It came out of an audit. I’d recently pointed a small army of review agents at the whole go-tool-base codebase, back before that became a political problem, and one of the findings was that a subcommand could quietly skip the framework’s own start-up code. My first reaction was the dangerous one: surely not… we switched that on ages ago. So I asked for a second pair of eyes on the exact line.
There was no line. I was certain I’d enabled it, but I had simply never done it.
What the start-up hook is for
go-tool-base is built on cobra, the library most
Go command-line tools are built on. In cobra, a command can carry a
PersistentPreRunE: a function that runs before the command itself, and that, the
name strongly implies, persists down to the command’s children. Think of it as the
“before you do anything, get the tool ready” step.
go-tool-base uses exactly one of them, on the root command, to do all the
unglamorous setup: load and merge configuration, set up logging, ask about telemetry
the first time you run, wire up the telemetry collector, and check whether there’s a
newer release to install. Everything the tool does afterwards leans on that having
happened. By the time your actual command runs, props.Config is meant to be
populated and the collector is meant to exist.
The reasonable assumption (the one I’d made, anyway) is that “persistent” means it cascades.
Define it once at the root and every mytool foo bar three levels down gets it for
free.
“Persistent” promises less than it says
Here is the catch, and it is a good one to file away if you ever build a command
tree. cobra runs only the nearest PersistentPreRunE it finds, walking up from
the command you actually invoked. If a subcommand defines its own, that one runs and
the root’s does not. Not as well as. Instead of. There’s no warning and no error; the
child’s hook simply wins, and the parent’s is passed over in silence.
So the moment any command below the root declared its own PersistentPreRunE, the
entire start-up for that branch, the config, the logging, the telemetry, the update
check, would just not happen. props.Config would be nil. The collector would be
nil. The first you’d hear of it is a nil-pointer panic a long way from the cause, or,
worse, no panic at all and a tool running happily unconfigured.

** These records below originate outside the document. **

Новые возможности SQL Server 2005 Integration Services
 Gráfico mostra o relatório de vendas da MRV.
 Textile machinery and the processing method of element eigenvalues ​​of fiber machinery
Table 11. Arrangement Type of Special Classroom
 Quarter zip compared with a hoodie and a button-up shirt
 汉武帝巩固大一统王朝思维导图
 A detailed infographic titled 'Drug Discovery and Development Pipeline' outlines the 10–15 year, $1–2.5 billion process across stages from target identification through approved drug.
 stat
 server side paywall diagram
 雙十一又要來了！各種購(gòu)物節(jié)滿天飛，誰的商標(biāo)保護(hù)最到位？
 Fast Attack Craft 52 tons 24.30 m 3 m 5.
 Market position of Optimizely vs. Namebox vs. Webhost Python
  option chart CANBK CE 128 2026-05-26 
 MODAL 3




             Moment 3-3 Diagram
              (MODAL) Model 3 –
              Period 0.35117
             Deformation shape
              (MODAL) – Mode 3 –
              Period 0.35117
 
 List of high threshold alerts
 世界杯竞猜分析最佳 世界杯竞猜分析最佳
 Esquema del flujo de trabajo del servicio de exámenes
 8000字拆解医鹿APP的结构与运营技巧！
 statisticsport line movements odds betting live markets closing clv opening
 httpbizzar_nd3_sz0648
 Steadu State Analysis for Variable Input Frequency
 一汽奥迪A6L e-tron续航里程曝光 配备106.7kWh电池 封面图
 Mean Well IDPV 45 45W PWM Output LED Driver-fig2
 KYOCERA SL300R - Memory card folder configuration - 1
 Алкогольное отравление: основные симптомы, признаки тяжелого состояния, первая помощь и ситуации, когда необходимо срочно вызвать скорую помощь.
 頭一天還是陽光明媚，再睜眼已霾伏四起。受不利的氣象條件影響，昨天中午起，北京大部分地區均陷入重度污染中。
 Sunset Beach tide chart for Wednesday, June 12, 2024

EnableTraverseRunHooks is cobra’s opt-in to the behaviour most people assume is
already the default: run every PersistentPreRunE from the root down to the leaf, in
order. I’d assumed it was the default. It is not, and I’d never turned it on.
A landmine nobody had stepped on
The saving grace was that nothing was actually broken yet. In go-tool-base’s own command tree, the root is the only command that defines a persistent pre-run, so “root to leaf” and “nearest only” happen to produce the identical result. The flag being off changed nothing I could observe.
The bug was latent. It was a trap laid for the first person to do something entirely
reasonable: add a PersistentPreRunE to one of their own subcommands. go-tool-base
is a framework other tools are built on, so that person was never going to be me. The
instant a downstream author did the obvious thing, their config and telemetry would
vanish for that branch of their tool and nothing would tell them why.
That is the kind of bug I least like shipping. It compiled. It passed the tests. It would have demoed perfectly. And it sat there waiting to hand a stranger a debugging session with no breadcrumbs, for the crime of using a standard cobra feature the obvious way.
One line, and a note for whoever’s next
The fix is the line I was so sure already existed (root.go):
// Run every parent PersistentPreRunE from root to leaf rather than only the
// closest one. Without this, a downstream subcommand that defines its own
// PersistentPreRunE silently shadows the root bootstrap (config load,
// telemetry, update check) for that subtree. With it set, the framework
// bootstrap always runs first and a child hook runs after it.
cobra.EnableTraverseRunHooks = true
With it set, cobra runs the root start-up first and then the child’s hook, in order, so a downstream command adds to the setup instead of replacing it.
I didn’t want to stop there, because the next author to add a child hook still
deserves to understand the ordering. So the change also drops a one-time debug line if
it spots any command in the tree carrying its own PersistentPreRunE
(the same file),
saying out loud what’s going on:
l.Debug("a downstream command defines its own PersistentPreRunE; " +
"it runs AFTER the framework bootstrap (config load, telemetry, update check), not instead of it")
And, belt and braces, the collector now defaults to a no-op so the few paths that do
legitimately return early, like init and help, still satisfy the “always
non-nil” promise the rest of the code relies on. The whole thing shipped with a pair
of regression tests that assert the bootstrap really does run when a child hook is
present, and that it runs first. It’s all written up in a short
spec
and landed in one commit.
Trust, but grep
There are two things worth taking away. The cobra one is portable: if you rely on
PersistentPreRunE cascading down a command tree, set EnableTraverseRunHooks,
because “persistent” means less than it sounds and the nearest hook wins by default.
The other is the one I keep having to relearn. The settings I’m most certain about are the ones I never check, precisely because the certainty is what stops me looking. Somewhere along the line I’d promoted “I meant to” straight to “I did”, with nothing in between… and then defended it out loud before I’d even gone to look. A review agent is good at exactly that blind spot: it has no memory of intending to do something, only the code in front of it. The best thing the audit turned up wasn’t a clever bug. It was a flag that was never there. Leaving the campsite better than you found it has to include the traps nobody’s stepped on yet.